A coroner has called on the health secretary to examine a trust’s systems for reviewing scans after a patient died of an aneurysm that was spotted but not acted upon for four years.

Barnsley Hospital

Barnsley Hospital NHS Foundation Trust

Barnsley Hospital

Louise Slater, assistant coroner for south Yorkshire (west) has told Jeremy Hunt “there is a risk that future deaths will occur unless action is taken” at Barnsley Hospital Foundation Trust.

The warning follows the conclusion of the inquest into the death of John Higgs, who died from a ruptured abdominal aortic aneurysm at Barnsley General Hospital in 2015.

The aneurysm was seen in a scan by a consultant surgeon four years earlier but this information was not shared with the patient, his GP or picked up by other doctors.

Ms Slater wrote to Mr Hunt last month asking him to consider a review of procedures by the trust to prevent future deaths.

An inquest held into Mr Higgs’ death concluded on 7 April. A narrative conclusion was recorded.
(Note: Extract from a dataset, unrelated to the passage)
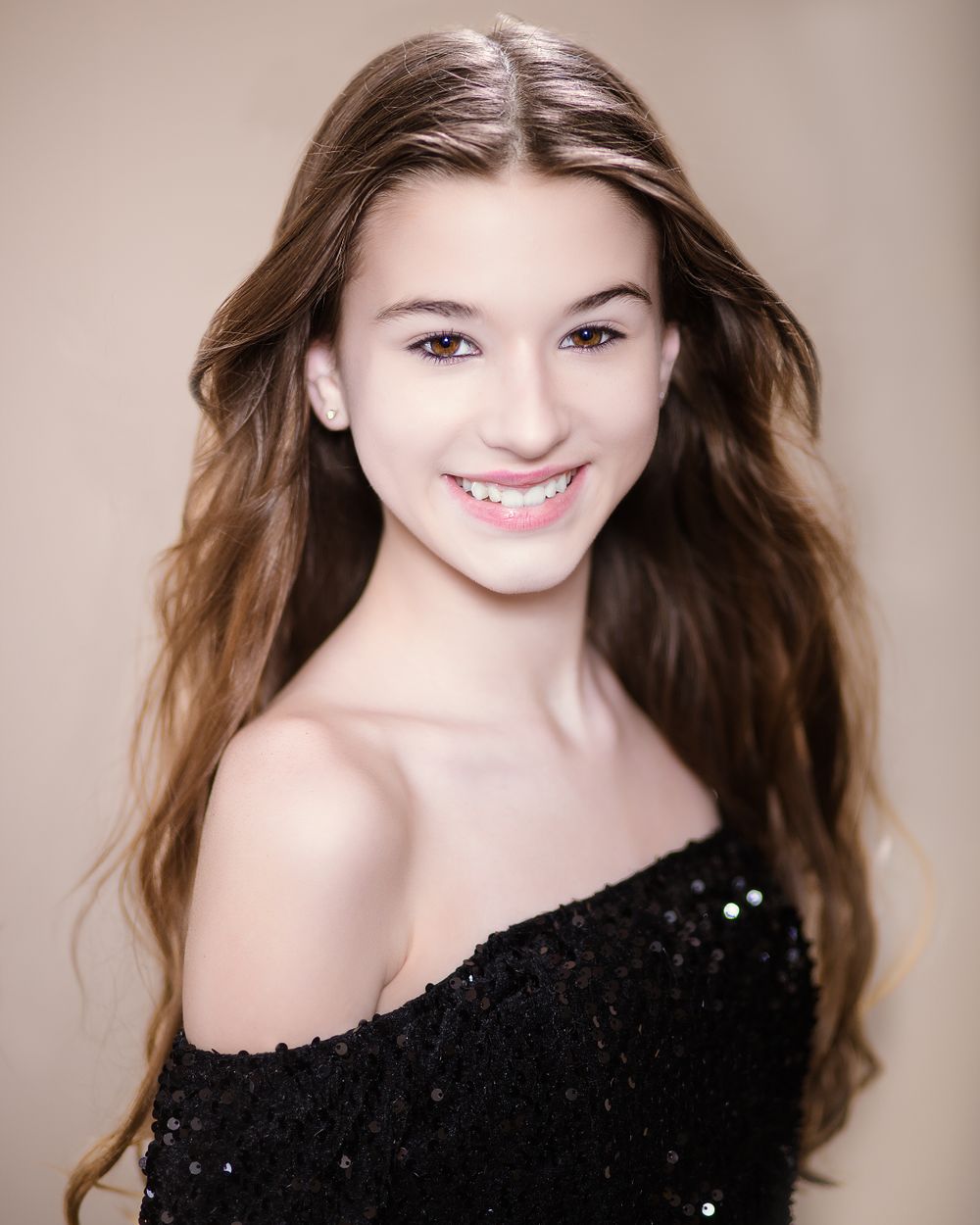 Portrait of someone with long brown hair wearing a sparkly black off-shoulder top against a neutral background.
The letter to Mr Hunt, dated 10 April, was published by the Courts and Tribunals Judiciary last week.

Mr Higgs was taken to the hospital after he collapsed suddenly on 18 November 2015. He was thought to have suffered a stroke but an ultrasound scan revealed the leaking aneurysm.
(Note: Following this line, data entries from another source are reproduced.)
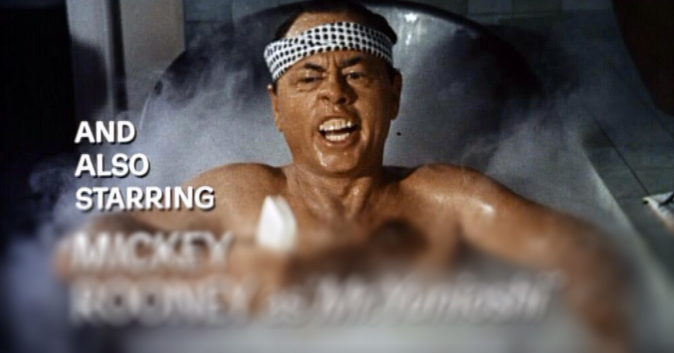 Mickey Rooney sitting in a bathtub, looking asian, wearing a hachimaki, curling his upper lip inward to expose his upper teeth, and holding a bar of soap. Text: and also starring Mickey Rooney as Mr. Yunioshi.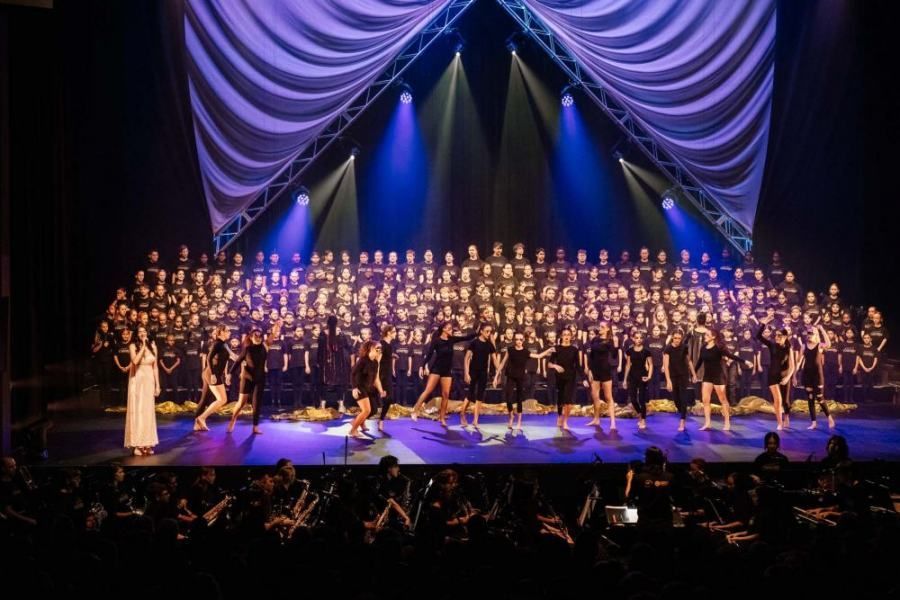 A large choir is performing on a stage in front of a crowd.
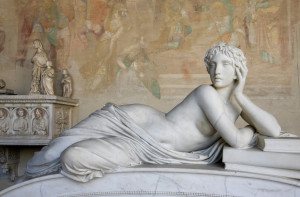 The image features a statue of a person lounging on their side, their face resting on their hand, looking off into the distance.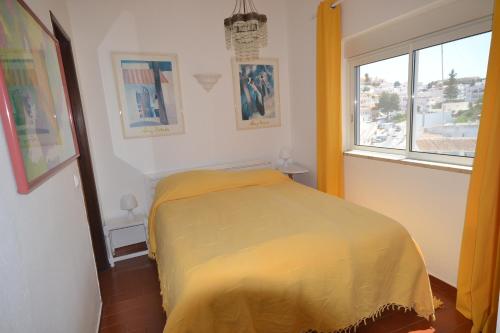 Ένα ή περισσότερα κρεβάτια σε δωμάτιο στο Apartments Miramare Miramonte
He died from a ruptured abdominal aortic aneurysm, a stroke and old age.

After his death, Mr Higgs’ wife contacted the trust after spotting the cause of death on his death certificate and an internal investigation was launched.
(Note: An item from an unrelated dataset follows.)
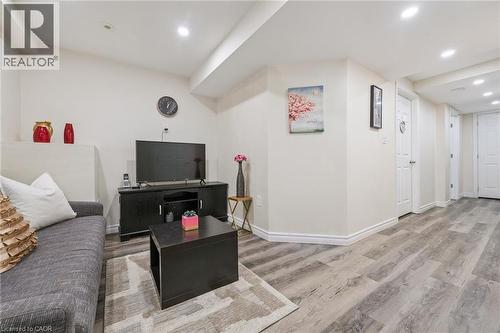Spacious lower-level living area featuring recessed lighting, light wood-finish flooring, and white baseboards - 36 Van Fleet Terrace, Milton, ON - Indoor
It revealed a CT scan in March 2011 had identified an abdominal aortic aneurysm but neither Mr Higgs nor his GP were informed so he was not referred to vascular surgeons.

The inquest heard the consultant surgeon in charge of his care saw the original CT scan results in 2011 and planned to tell Mr Higgs when he attended a clinic five days later.

However, the patient was seen by a junior doctor at the clinic who either did not review the results or they were unavailable because the paper report was being filed in patient records.

In her report, the assistant coroner said: “There was no evidence in court of a safe system of communication at the time [in 2011].”

The scan results were not looked at when Mr Higgs attended hospital on “a number of occasions” in the four years before his death, when he was seen by “several different doctors”.

The inquest heard a radiology protocol was in place at the trust for “unexpected cancer pathology” where results were sent to the treating consultant and the multidisciplinary team cancer coordinator for action.

However, there is no similar protocol for “non-cancerous but significant and potentially life-threatening findings” such as an aneurysm.

Although the trust had since moved to an electronic system, the coroner said significant findings were still only sent to the consultant and no “red flag” was in place to alert other clinicians.

Ms Slater has asked the health secretary to consider whether the trust should review systems and procedures in relation to non-cancerous radiological findings. A response is expected by 27 June.

Richard Jenkins, interim chief executive at the trust, apologised to the family of Mr Higgs for deficiencies in his care.

He said: “The trust had undertaken an investigation into Mr Higgs care prior to the inquest and we are carefully studying the coroner’s findings to ensure that all necessary steps have been taken to prevent a similar situation from arising in future.”